Work task:
Print the lines below from the line with "2026年最新】ワイルドブレイズ 未開封boxの人気アイテム - メルカリ" to the line with "手形貸付 デメリット" exactly, keeping both ends, and print no pictures.

Available data:
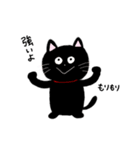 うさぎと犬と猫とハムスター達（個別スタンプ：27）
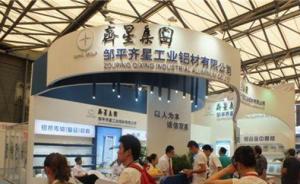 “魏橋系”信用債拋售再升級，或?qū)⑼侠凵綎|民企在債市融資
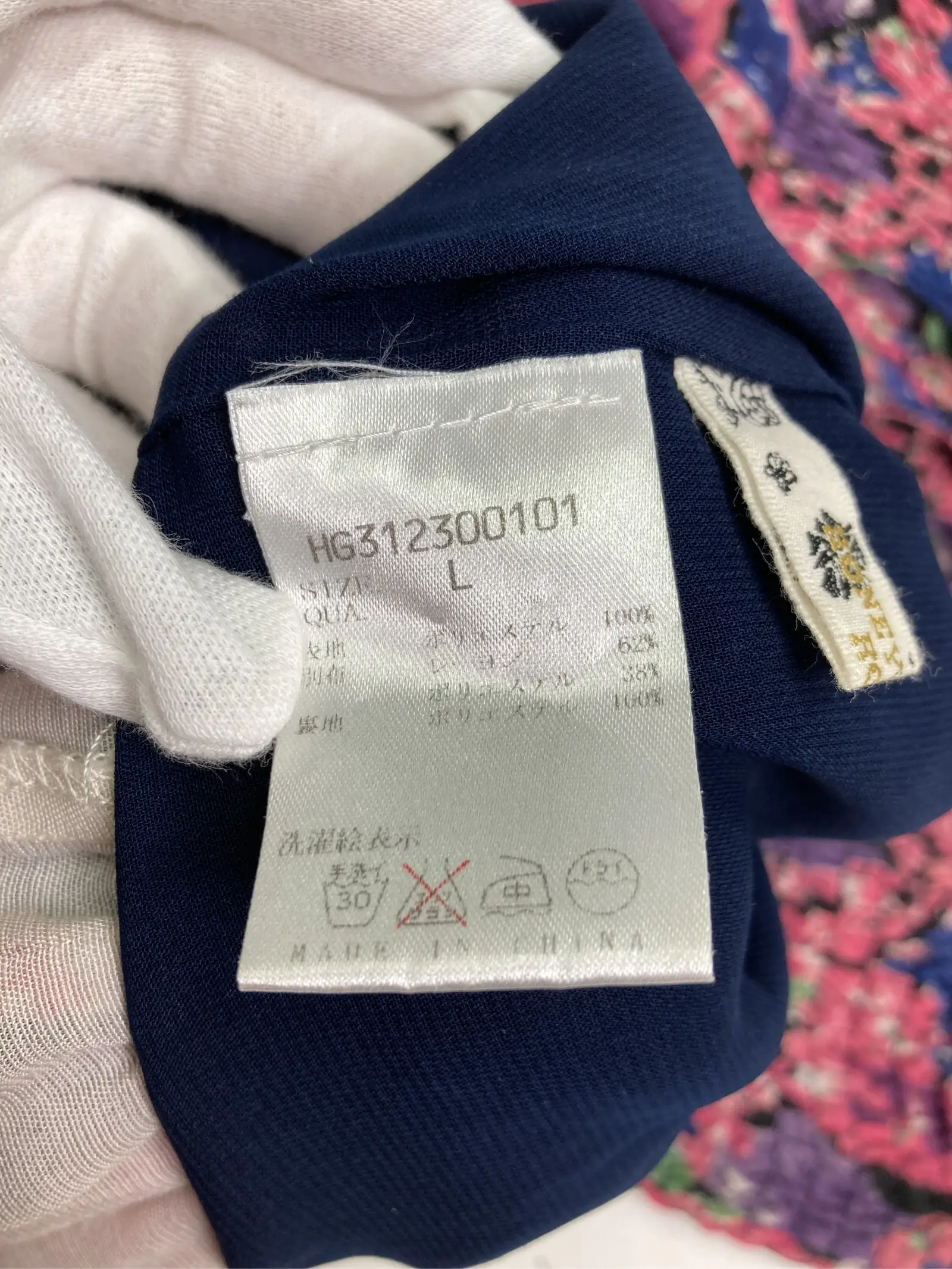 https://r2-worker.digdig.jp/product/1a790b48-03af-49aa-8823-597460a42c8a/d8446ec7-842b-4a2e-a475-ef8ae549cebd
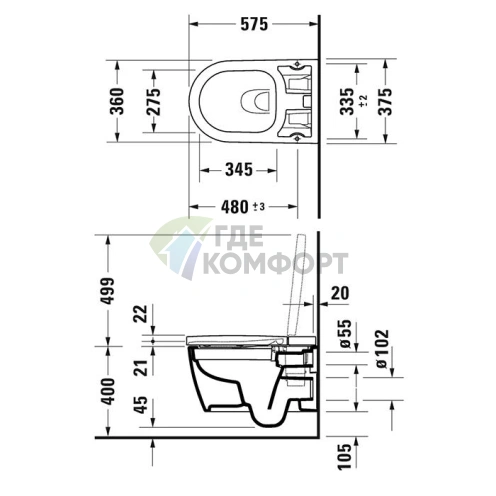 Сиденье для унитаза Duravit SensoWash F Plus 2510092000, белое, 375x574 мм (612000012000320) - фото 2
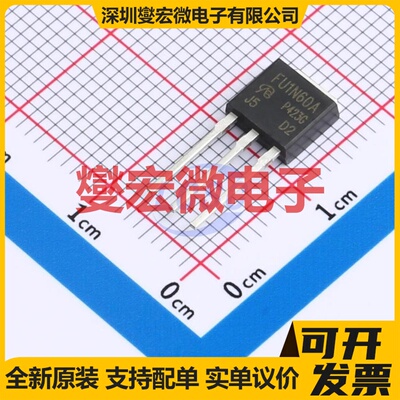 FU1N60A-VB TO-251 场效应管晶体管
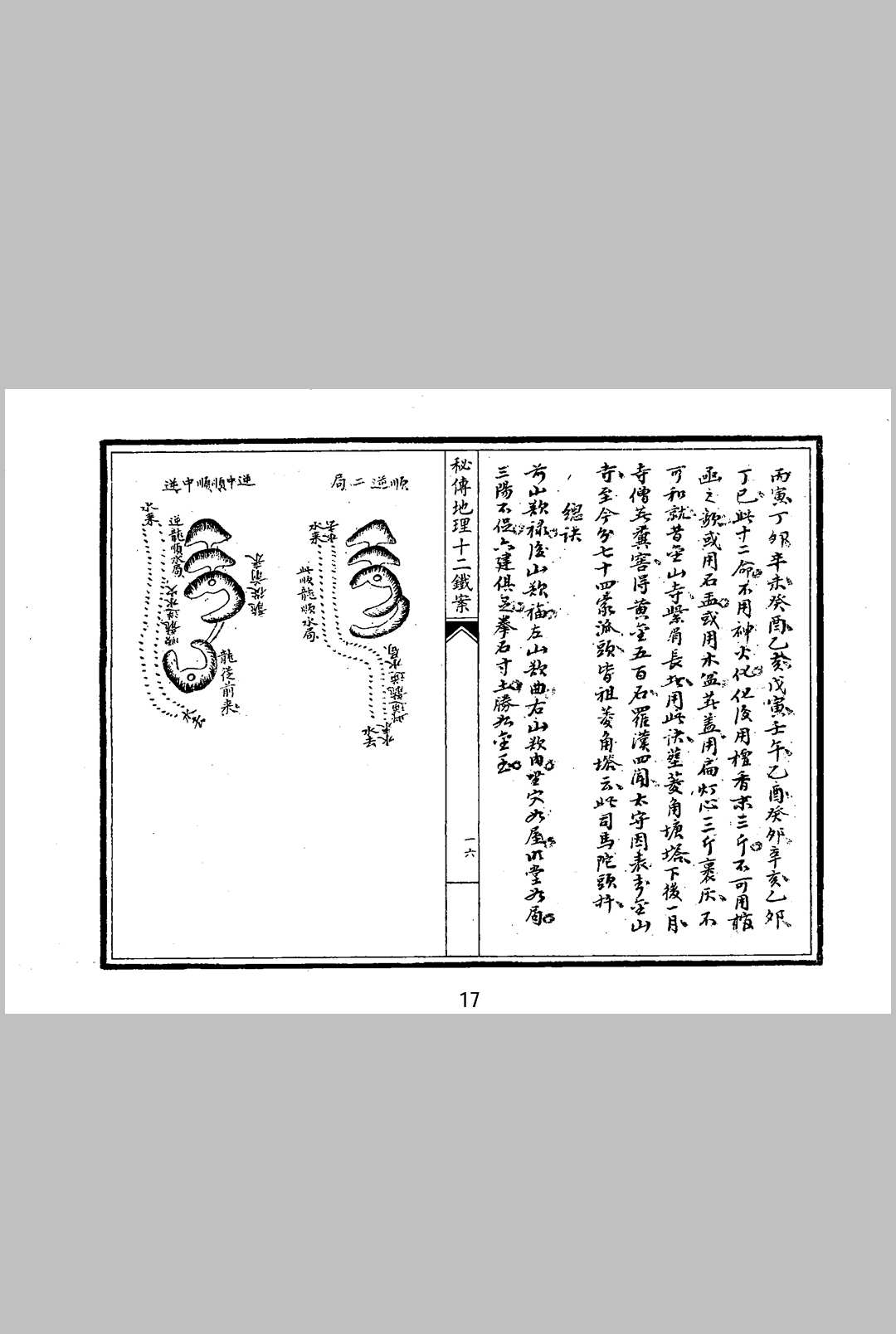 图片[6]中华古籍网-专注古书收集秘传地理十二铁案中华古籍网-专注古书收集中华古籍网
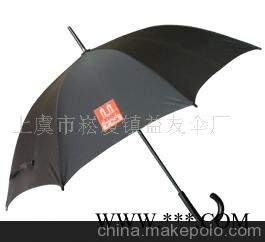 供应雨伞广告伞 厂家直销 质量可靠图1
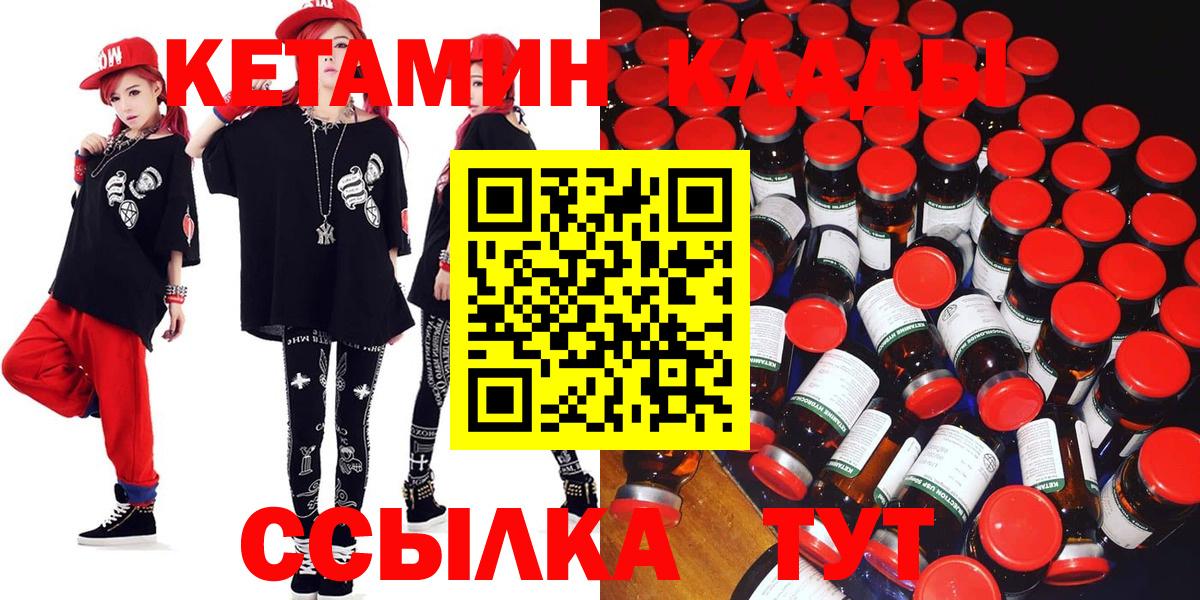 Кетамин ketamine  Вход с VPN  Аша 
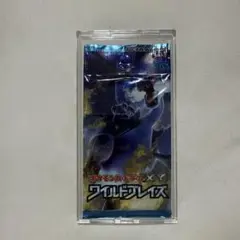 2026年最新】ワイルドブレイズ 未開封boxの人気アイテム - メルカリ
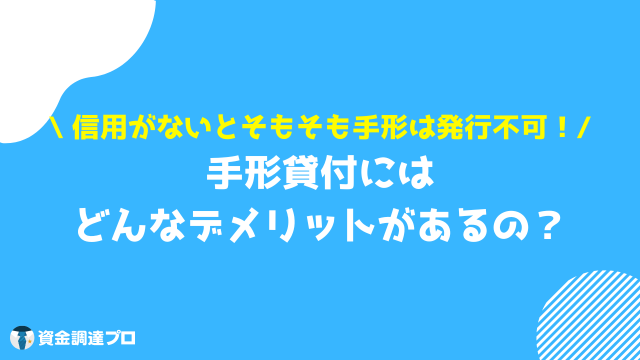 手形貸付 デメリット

--

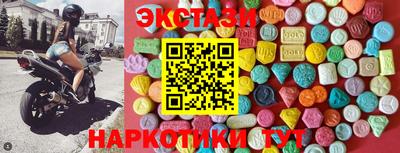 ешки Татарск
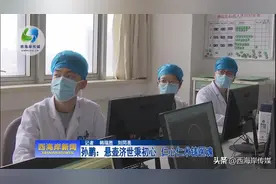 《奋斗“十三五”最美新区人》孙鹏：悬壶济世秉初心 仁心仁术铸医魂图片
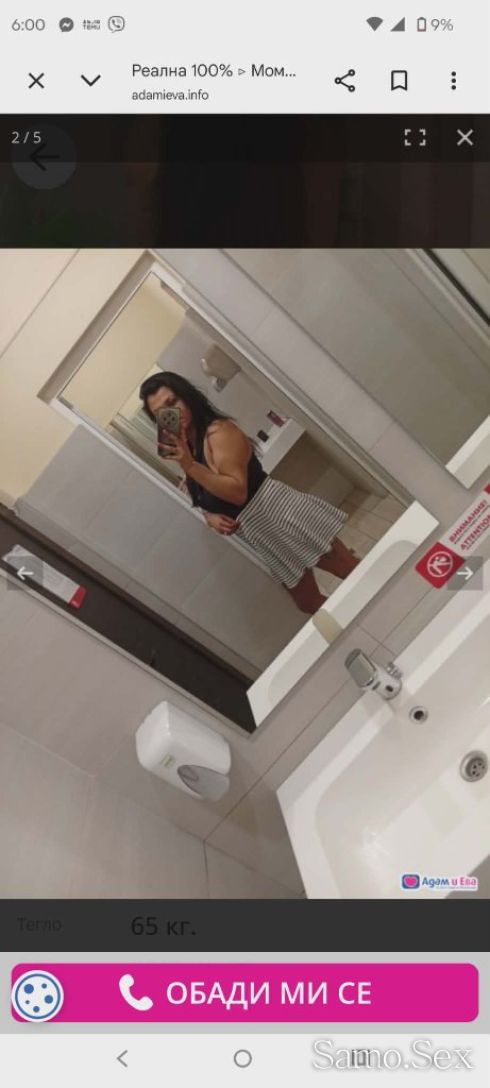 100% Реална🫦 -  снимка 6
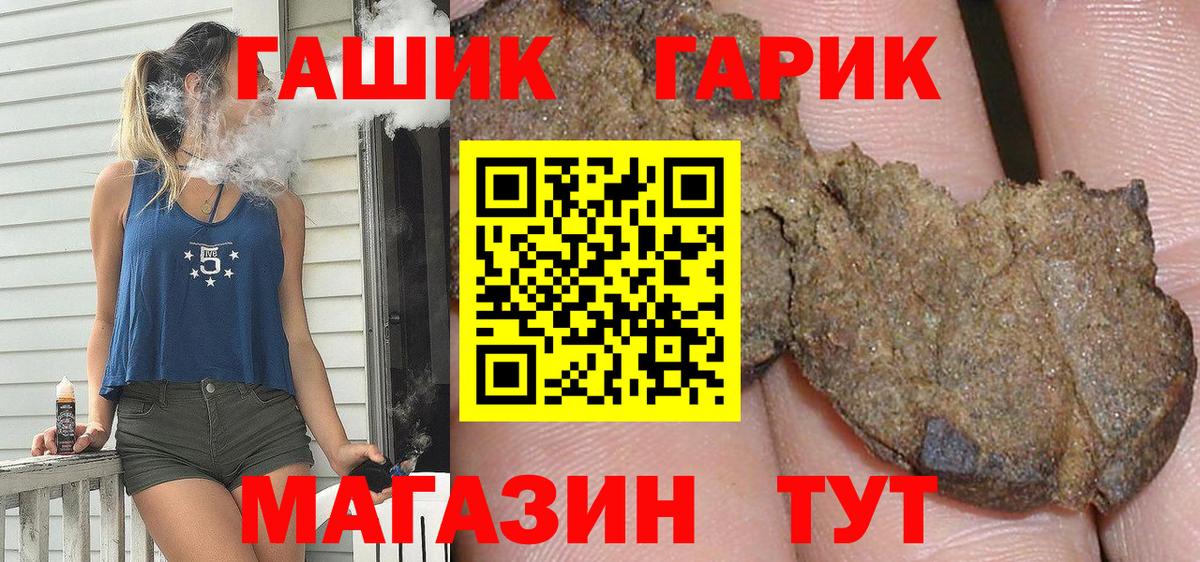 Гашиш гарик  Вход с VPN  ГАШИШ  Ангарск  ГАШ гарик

Reply to the task:
 2026年最新】ワイルドブレイズ 未開封boxの人気アイテム - メルカリ
 手形貸付 デメリット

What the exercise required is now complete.